# Dog kennel on Pavers



## mja9346 (Jul 7, 2011)

I am wanting to put a kennel in my back yard. We plan on selling our house in the next couple of years and do not want to put any type of permanent structure in the back yard that would deter people from buying the house. Many people do not have any need for a dog kennel. This is why I really don't want to pour a cement slab for the kennel floor. 

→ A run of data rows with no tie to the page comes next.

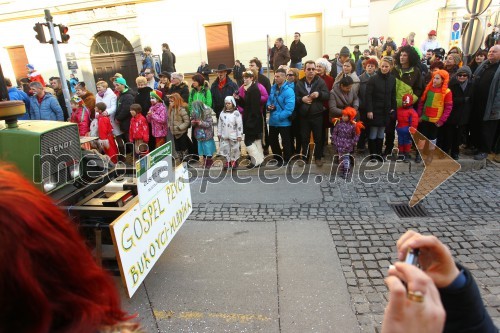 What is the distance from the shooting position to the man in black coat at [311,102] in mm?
6238

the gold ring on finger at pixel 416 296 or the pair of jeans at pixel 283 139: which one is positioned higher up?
the gold ring on finger at pixel 416 296

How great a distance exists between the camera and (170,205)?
12.1 feet

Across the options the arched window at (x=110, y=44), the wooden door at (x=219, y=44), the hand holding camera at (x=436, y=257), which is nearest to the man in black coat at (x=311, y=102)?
the hand holding camera at (x=436, y=257)

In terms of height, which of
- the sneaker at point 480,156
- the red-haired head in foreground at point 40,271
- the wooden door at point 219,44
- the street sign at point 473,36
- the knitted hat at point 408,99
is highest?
the wooden door at point 219,44

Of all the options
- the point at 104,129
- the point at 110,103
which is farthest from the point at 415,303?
the point at 110,103

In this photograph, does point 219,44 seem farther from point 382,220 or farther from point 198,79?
point 382,220

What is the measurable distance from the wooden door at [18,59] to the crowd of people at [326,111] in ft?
44.7

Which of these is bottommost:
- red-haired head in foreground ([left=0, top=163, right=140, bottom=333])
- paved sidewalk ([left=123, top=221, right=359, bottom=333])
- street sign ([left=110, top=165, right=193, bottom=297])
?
paved sidewalk ([left=123, top=221, right=359, bottom=333])

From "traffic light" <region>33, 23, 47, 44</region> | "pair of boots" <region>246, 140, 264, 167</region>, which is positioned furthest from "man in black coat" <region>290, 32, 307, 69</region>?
"traffic light" <region>33, 23, 47, 44</region>

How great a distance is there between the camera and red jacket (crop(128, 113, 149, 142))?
679cm

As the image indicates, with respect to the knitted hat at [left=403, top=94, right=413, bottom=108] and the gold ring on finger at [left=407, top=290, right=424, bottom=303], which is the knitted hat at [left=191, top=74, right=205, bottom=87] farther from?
the gold ring on finger at [left=407, top=290, right=424, bottom=303]

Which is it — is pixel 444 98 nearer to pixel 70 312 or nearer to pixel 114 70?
pixel 70 312

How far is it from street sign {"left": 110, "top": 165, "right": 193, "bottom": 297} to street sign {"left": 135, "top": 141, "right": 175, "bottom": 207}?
7cm

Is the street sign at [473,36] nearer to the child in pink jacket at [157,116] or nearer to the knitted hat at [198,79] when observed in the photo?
the knitted hat at [198,79] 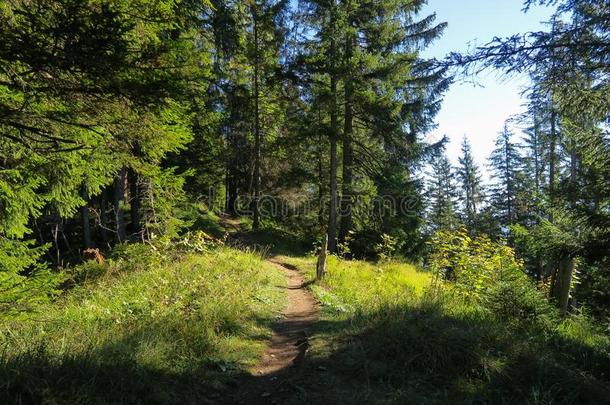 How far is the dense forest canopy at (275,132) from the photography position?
5.14 m

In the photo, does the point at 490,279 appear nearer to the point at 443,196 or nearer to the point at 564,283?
the point at 564,283

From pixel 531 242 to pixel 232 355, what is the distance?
7.12 m

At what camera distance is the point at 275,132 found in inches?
1289

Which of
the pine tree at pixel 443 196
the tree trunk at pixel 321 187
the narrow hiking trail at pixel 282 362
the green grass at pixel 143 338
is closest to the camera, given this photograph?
the green grass at pixel 143 338

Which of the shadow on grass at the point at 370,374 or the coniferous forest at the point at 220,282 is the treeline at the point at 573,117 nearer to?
the coniferous forest at the point at 220,282

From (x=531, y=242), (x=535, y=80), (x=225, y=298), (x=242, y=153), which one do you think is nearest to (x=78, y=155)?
(x=225, y=298)

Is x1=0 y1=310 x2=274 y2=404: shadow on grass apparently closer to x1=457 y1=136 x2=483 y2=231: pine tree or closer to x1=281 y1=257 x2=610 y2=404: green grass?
x1=281 y1=257 x2=610 y2=404: green grass

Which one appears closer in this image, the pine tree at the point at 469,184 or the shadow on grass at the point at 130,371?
the shadow on grass at the point at 130,371

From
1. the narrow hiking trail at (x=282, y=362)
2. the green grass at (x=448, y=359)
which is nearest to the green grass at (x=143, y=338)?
the narrow hiking trail at (x=282, y=362)

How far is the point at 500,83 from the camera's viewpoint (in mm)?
6617

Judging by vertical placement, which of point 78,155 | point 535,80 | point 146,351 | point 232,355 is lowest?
point 232,355

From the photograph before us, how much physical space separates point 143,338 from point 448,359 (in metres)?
3.85

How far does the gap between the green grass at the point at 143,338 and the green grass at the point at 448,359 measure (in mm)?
1305

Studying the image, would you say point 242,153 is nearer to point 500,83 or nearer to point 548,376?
point 500,83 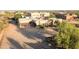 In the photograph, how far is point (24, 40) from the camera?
1994mm

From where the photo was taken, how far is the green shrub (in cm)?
196

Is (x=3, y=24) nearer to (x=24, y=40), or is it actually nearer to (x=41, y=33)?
(x=24, y=40)

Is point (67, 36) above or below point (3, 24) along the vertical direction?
below

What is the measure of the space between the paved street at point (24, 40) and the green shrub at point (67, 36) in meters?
0.15

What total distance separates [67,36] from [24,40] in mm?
438

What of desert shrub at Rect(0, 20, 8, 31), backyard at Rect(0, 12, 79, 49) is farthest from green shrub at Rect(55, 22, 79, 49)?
desert shrub at Rect(0, 20, 8, 31)

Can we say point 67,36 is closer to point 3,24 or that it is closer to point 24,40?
point 24,40

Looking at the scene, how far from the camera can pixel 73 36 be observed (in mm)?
1971

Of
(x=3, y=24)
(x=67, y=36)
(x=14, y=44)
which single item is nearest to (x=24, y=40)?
(x=14, y=44)

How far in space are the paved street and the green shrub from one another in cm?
15

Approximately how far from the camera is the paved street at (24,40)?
199cm

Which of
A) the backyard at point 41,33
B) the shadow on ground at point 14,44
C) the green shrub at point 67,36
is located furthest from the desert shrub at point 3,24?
the green shrub at point 67,36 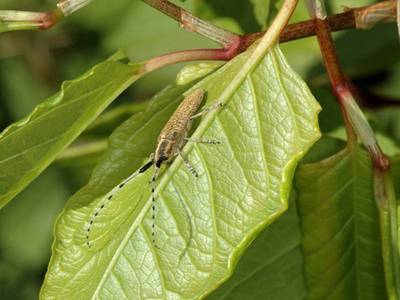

Just curious if anyone has had a kennel before with a paver flooring. Was thinking about some kind of 12x12 paver. Any opinions on satisfaction, maintenance, ect would be appreciated.


----------



## Gunssmoke3217 (Feb 12, 2013)

I have paver runs with 12X12's. It's rather easy to DIY. Figure out your square footage and determine how much Crushed Concrete you need for a base. Pack it tightly! It doesnt have to be precise but Also figure out which way you want it to drain and have a slight slope. Then put down exactly 1 inch of sand. Smooth it out and screte the sand so its nice and level. Start laying the pavers you choose. You may want to get blocks cut so you have it nice and square. Lastly. Get a bag or two of paver locking sand and sweep it in. once the cracks are filled hose it down. This allows the glue to react. Do not walk on it until it drys or else you will have permanant foot prints. The paver locking sand acts as a weed barrier. 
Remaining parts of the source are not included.